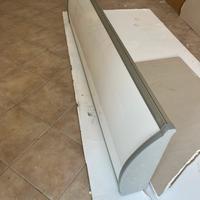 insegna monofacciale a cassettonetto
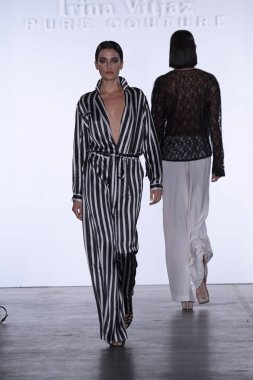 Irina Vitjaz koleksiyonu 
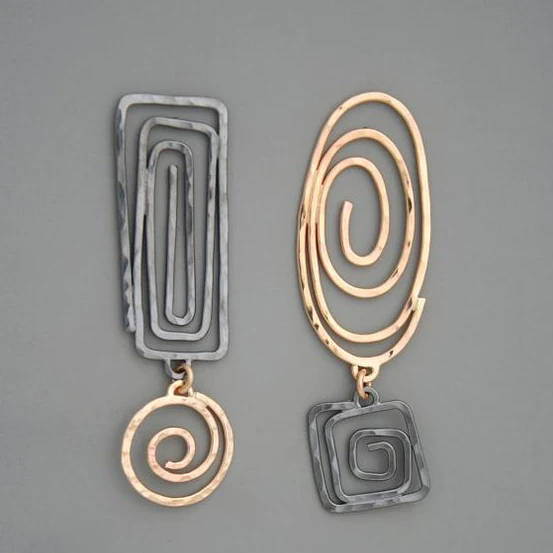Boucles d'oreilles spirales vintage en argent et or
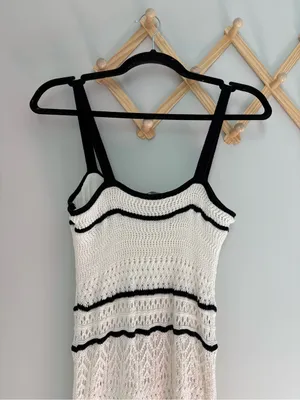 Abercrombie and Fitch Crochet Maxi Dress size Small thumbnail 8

### Instructions to follow
Because the copy must hold no pictures, return only the lines that run from the line containing "Irina Vitjaz koleksiyonu" to the end of the data above, each exactly as it stands.

### Reply
 Irina Vitjaz koleksiyonu 
Boucles d'oreilles spirales vintage en argent et or
 Abercrombie and Fitch Crochet Maxi Dress size Small thumbnail 8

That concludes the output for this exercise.